The Oxford English Dictionary defines "arrangement" as "a structure or combination of things for a purpose", and defines "relate'' as "to connect, establish a relation between". Giving those words their ordinary meaning it seems to me that the building contract in this case constitutes "part of the arrangement relating to the conveyance". The agreement of purchase and sale is conditional upon the building contract being entered into. The obvious purpose of all of the dealings between the builder and the developer was to complete a condominium development, and the agreement of purchase and sale and the building contract was obviously planned in combination to effect a purpose. There was undoubtedly a strong connection between the two contracts in both form and substance.
I therefore conclude, reluctantly, that a liability was assumed by the transferee as part of the "arrangement relating to the conveyance", which was equal to the cost of the building contract. Consequently the total "value of the consideration" was that set out in the land transfer tax affidavit attached to the transfer registered on April 11, 1983. My reluctance stems from my conviction that the true transaction is not very different from the simple analogy of the purchase of land by an individual, and the subsequent building of a home on that land. I am also convinced that with appropriate tax planning such a result could be avoided.[^11] [Emphasis added.]

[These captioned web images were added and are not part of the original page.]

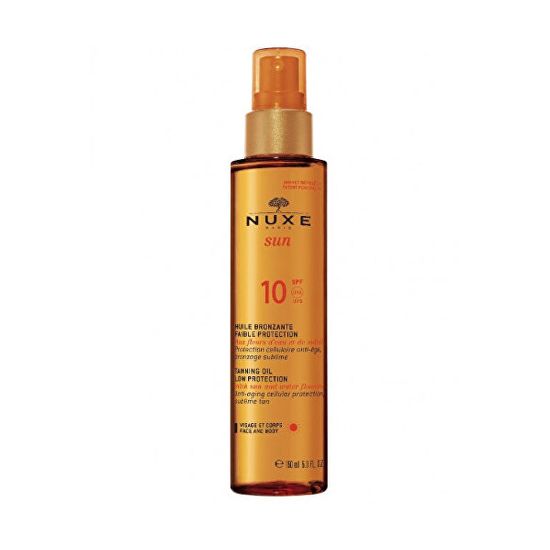 Nuxe Bronzující olej na opalování na obličej a tělo Sun SPF 10 (Tanning Oil Low Protection) 150 ml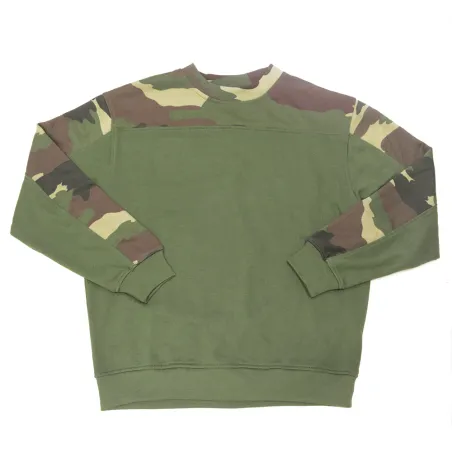 Sweat col rond kaki + empiècements camo CE TS à 3XL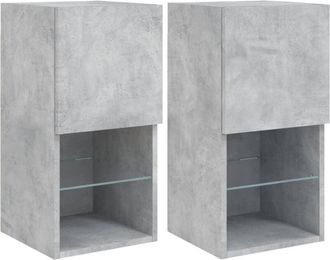 vidaXL Vidaxl - tv Cabinets with led Lights 2 pcs Concrete Grey 30.5x30x60 cm Grey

[31] In Kilderkin, which was a case not dissimilar to the matter before me, Griffiths J. made the following observation about the development agreement then under consideration:
On the present facts, there is a much more compelling case for imposing land transfer tax on the value of the services to be rendered by Kilderkin to the purchaser and for which the purchaser assumed a liability and conferred a benefit on Kilderkin under the terms of the agreement of purchase and sale.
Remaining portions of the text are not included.